> [EXERCISE INPUT]:
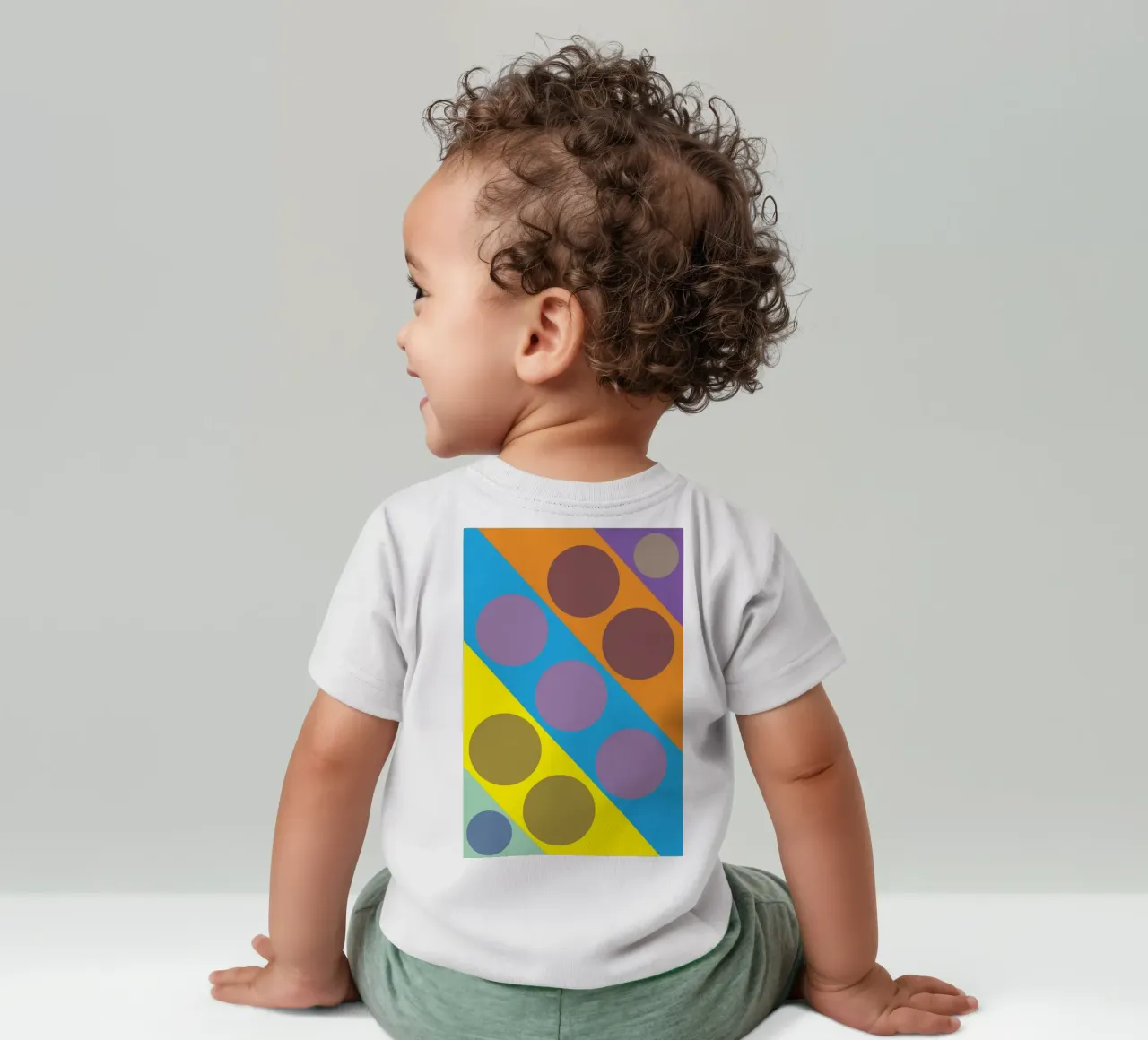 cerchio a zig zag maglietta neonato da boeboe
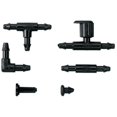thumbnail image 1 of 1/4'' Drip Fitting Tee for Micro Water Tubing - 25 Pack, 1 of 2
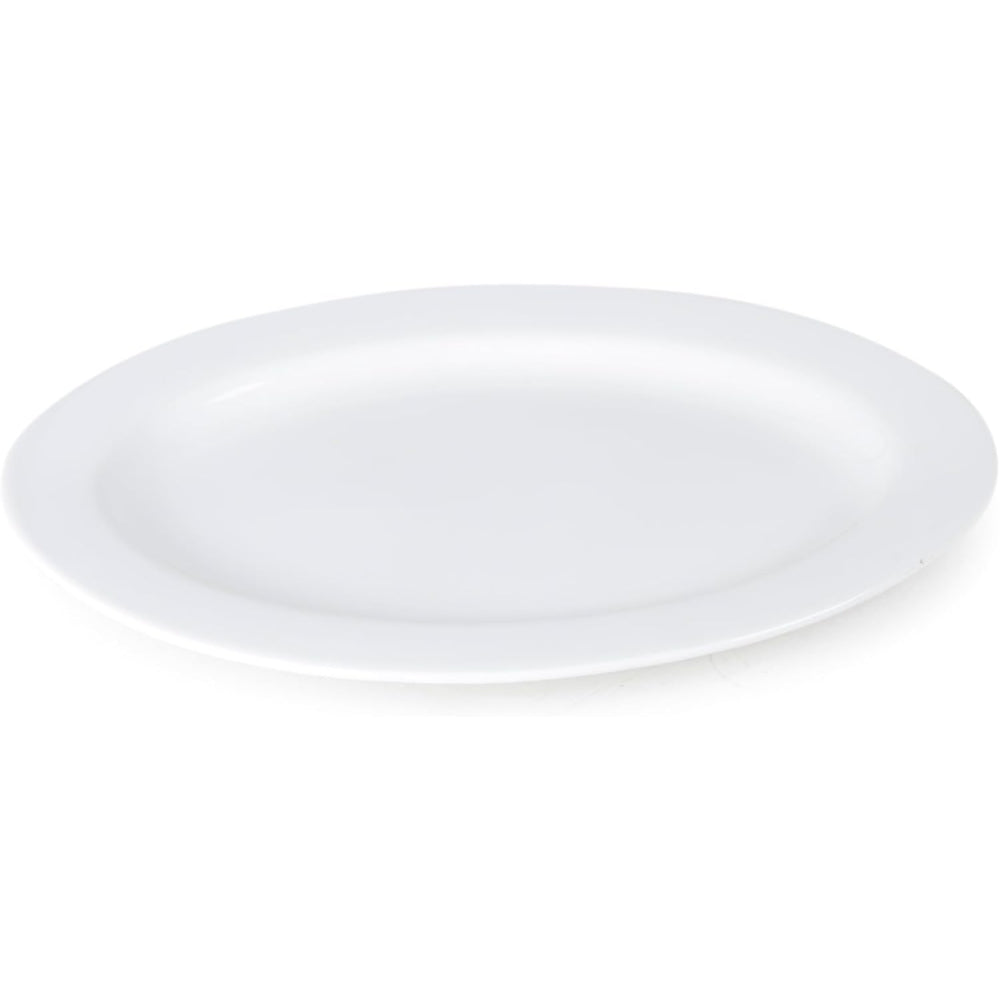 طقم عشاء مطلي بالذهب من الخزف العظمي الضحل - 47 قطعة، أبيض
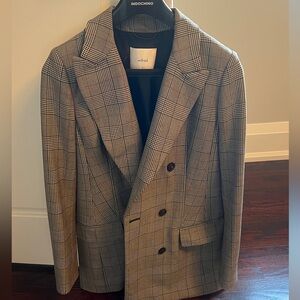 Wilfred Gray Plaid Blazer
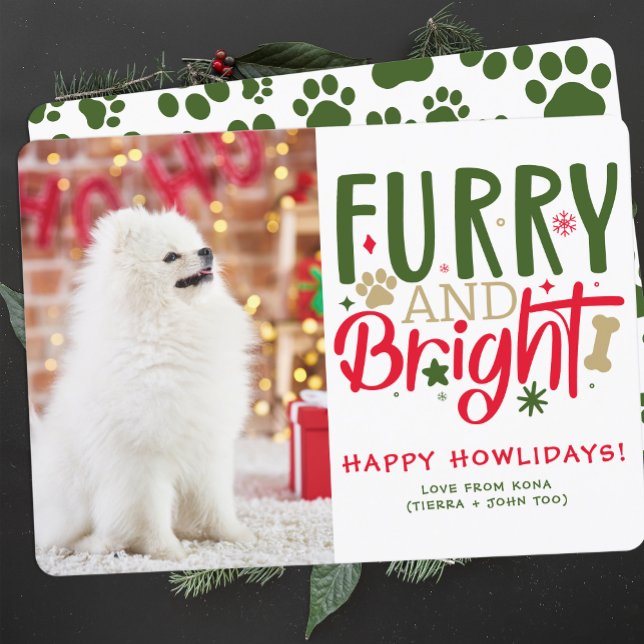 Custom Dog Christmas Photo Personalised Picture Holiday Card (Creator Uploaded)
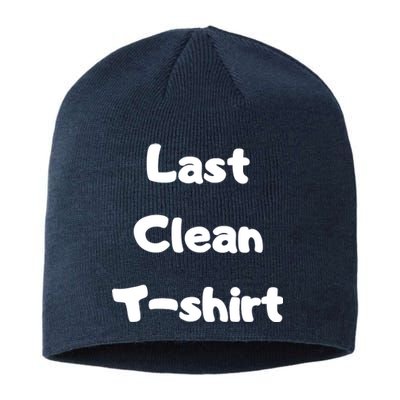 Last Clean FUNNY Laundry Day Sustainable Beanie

> [WORK TASK]:
Once the line containing "Wilfred Gray Plaid Blazer" is located, write out exactly that line and each one after it to the end of the records above, excluding pictures and nothing else.

> [RESULT FOR THIS TASK]:
 Wilfred Gray Plaid Blazer
 Custom Dog Christmas Photo Personalised Picture Holiday Card (Creator Uploaded)
 Last Clean FUNNY Laundry Day Sustainable Beanie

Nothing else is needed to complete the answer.